Posted on 08/18/2017 7:56:45 AM PDT by Liberty7732
It's totally accurate to call the SPLC a hate group, as documented in the article. Stupid reactionary move by Apple.
Read the analysis I posted just above. . . it’s not Apple Inc’s money that is being donated to the SPLC and the ADL. It’s Tim Cook’s personal funds he’s donating and the FAKE NEWS has conflated it into Apple itself making the donations. Again.
It’s so much better when all these companies just stay out of politics. Surely they know their employees are going to have widely diverse opinions,unless they are indoctrinating them,which is a REALLY bad idea.
Amazing the hoops people jump through to justify their blind Apple loyalty.
What is amazing is the distortions the press makes to news about Apple and the people who swallow it hook, line, and sinker.
Please tell me how a company such as Apple which is prohibited by law can in headlines be accused of making political donations to one camp over another more than any other tech company when ALL their employees do it? The simple and truthful answer is that Apple gets more internet clicks than putting any other company name in the headline. How else do you explain headlines that include Apple on stories that do not even mention Apple in them or Apple is merely an incidental mention in the article and not the main subject????
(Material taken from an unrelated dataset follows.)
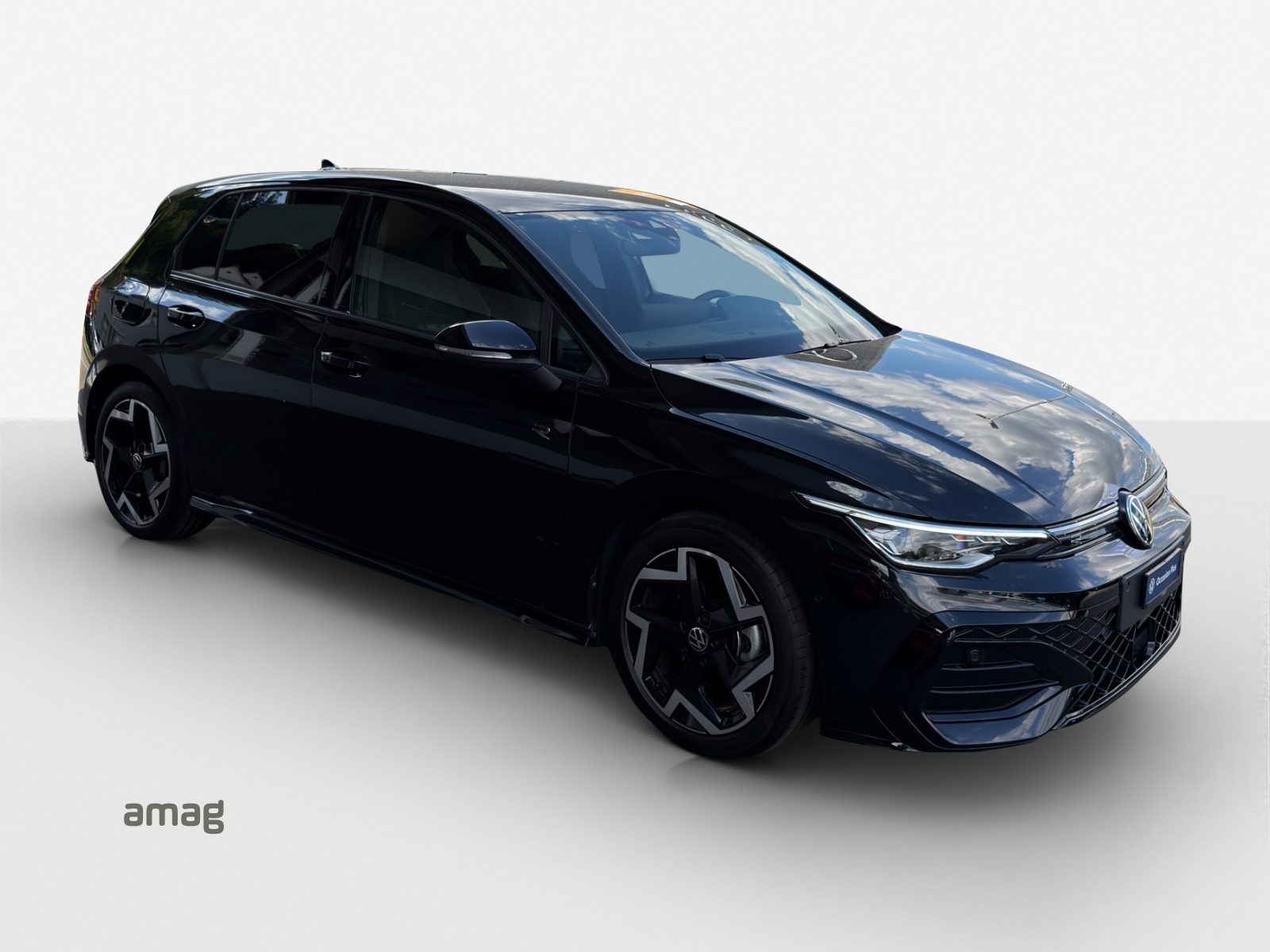 VW Golf 1.5 e TSI mHEV R-Line DSG-image-5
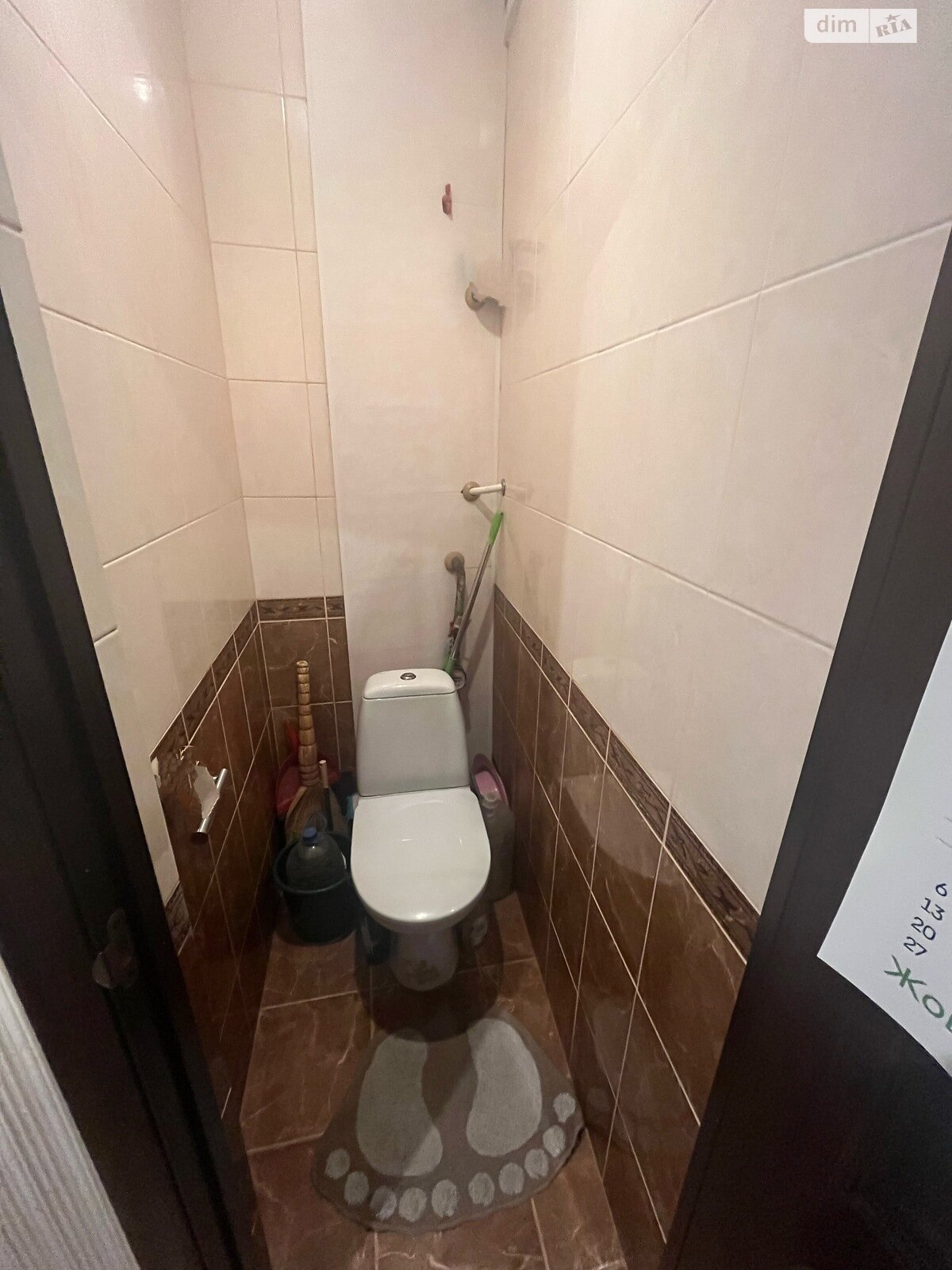 Продаж двокімнатної квартири в Житомирі, на вул. Українки Лесі, район Центр фото 1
I've seen it numerous times. It's not a coincidence or an inadvertent error. It's deliberate.
can someone lend me an iPad so I can smash it to bits and send it back to these clowns
https://www.wsj.com/amp/articles/j-p-morgans-hate-list-1503619180
I am so mad at our CEOs.
I am too. Did you read what I posted in reply #20 on this thread? Essentially, what is being reported as a donation by Apple Inc, with matching of employee donations also by Apple inc, is anything but that. It is actually personal donations being made by CEO Tim Cook through the Apple Employees' Political Action Committee, an entirely independent entity, searate from Apple inc.
These CEO's speak and allow their voices to be heard as if their personal actions are speaking for the multitudinous voice of the company that employs them. . . as if their persona political opinion were the opinion of the investors and everyone associated with the joint effort comprising their enterprise. Steve Jobs understood this separation. Tim Cook does not.